Bang! ‘tiruan bunyi tembakan atau ledakan’


Boing! ‘tiruan bunyi pegas yang mengendur setelah ditekan’
Bow-wow! ‘tiruan bunyi anjing yang menggonggong’
Hem! ‘tiruan bunyi melegakan tenggorokan’
Slurp! ‘tiruan bunyi menghirup/menyedot’
Tantara! ‘tiruan bunyi terumpet, atau genderang’
Tra-ra! ‘tiruan bunyi klakson’
Zonk! ‘tiruan bunyi tubrukan yang mendadak’

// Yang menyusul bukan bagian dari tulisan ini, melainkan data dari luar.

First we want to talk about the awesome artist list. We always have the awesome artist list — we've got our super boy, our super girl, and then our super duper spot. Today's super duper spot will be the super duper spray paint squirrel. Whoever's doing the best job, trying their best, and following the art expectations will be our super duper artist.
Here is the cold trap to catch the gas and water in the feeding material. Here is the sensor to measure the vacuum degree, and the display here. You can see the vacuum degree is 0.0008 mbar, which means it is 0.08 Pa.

Berikutnya adalah kelompok interjeksi yang digunakan sebagai umpatan,


umpatan ringan, atau ungkapan halus. Banyak di antaranya yang digunakan untuk
mengungkapkan kekesalan, rasa terkejut atau kekecewaan penutur. Contohnya adalah
sebagai berikut.

Damn! Marah, jengkel, kecewa


Gosh! Kaget, kagum, dsb.
Pardi! Pardie! Pardie! Perdie! ‘demi Tuhan, sungguh, beneran’

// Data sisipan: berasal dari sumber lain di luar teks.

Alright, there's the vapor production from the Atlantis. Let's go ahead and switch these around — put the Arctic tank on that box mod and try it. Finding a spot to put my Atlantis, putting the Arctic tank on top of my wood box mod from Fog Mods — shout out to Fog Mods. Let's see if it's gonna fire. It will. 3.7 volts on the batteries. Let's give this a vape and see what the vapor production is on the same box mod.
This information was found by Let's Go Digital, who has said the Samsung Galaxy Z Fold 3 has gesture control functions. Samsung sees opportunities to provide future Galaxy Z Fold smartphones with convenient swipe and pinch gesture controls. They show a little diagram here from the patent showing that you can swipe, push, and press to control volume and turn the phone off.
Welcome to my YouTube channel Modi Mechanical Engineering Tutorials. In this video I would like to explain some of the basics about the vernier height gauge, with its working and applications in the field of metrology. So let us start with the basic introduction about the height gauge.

Macam-macam aba-aba, perintah dan panggilan kepada hewan membentuk


kelompok interjeksi sendiri. Banyak di antaranya yang dialektal, yang khusus
diujarkan terhadap hewan piaraan atau pada saat berburu. Berikut contohnya:

Gee! Gee-ho! Jee! Jee-hup! Aba-aba terhadap kuda untuk jalan terus dan belok
kanan.
Giddyap! Aba-aba terhadap kuda untuk mulai berjalan dan berjalan lebih cepat.
Hush! Meminta ketenangan.
Sh-sh! Menyuruh diam.

Kelompok interjeksi lain yang kurang menonjol adalah teriakan dukungan,


yang terutama digunakan di Amerika Serikat, seperti: attaboy! Huzzah! Keeno! dan
Thatta boy!.
Interjeksi untuk menarik perhatian jumlahnya tidak begitu banyak, misalnya:
ahem! Look! Yoo-hoo! dan Hallow!

Penutup

Menyimak beberapa klasifikasi interjeksi dalam bahasa Inggris di atas, dapat


dilihat bahwa interjeksi dalam bahasa Inggris beragam bentuknya, dan masing-
masing memiliki fungsi komunikatif yang berbeda-beda. Banyak interjeksi yang
dapat digunakan untuk mengungkapkan maksud yang berbeda. Banyak juga yang
dapat saling menggantikan untuk mengungkapkan maksud yang sama. Dengan
memperhatikan konteks dan bagaimana suatu interjeksi dituturkan, lawan tutur akan
dapat memahami maksudnya dengan lengkap.

REFERENSI

Ameka, Felix. (1992) ‘Interjections: The Universal yet Neglected Part of Speech’,
Journal of Pragmatics, vol. 18, pp. 101-118. Diakses di
http://pubman.mpdl.mpg.de/pubman/item/escidoc:855720:1/component/esci
doc:855719/Ameka_1992_Interjections_J_Pragm_1992.pdf. pada 07 Maret
2014, 14:39:23.
Ameka, Felix. (2006) ‘Interjections’ Journal of Pragmatics, vol. 4, pp. 743-746.
Diakses di
http://pubman.mpdl.mpg.de/pubman/item/escidoc:852625:5/component/esci
doc:852624/Ameka%20-%202006%20-%20Interjections.pdf. pada 06 Maret
2014, 8:01:45.
Jovanovic, Vladimir Z. (2004). ‘The Form, Position, and Meaning of Interjections in
English’, Linguistics and Literature, vol. 3, no. 1, pp. 17-28. Diakses di
http://fact.junis.ni.ac.rs/lal/lal2004/lal2004-02.pdf. pada 05 Maret 2014
6:48:37.
Mrochen, Izabela. (2009). A History of Emotive Interjections in English. Tesis PhD
[Tidak Diterbitkan], Katowice, Universitas Silesia.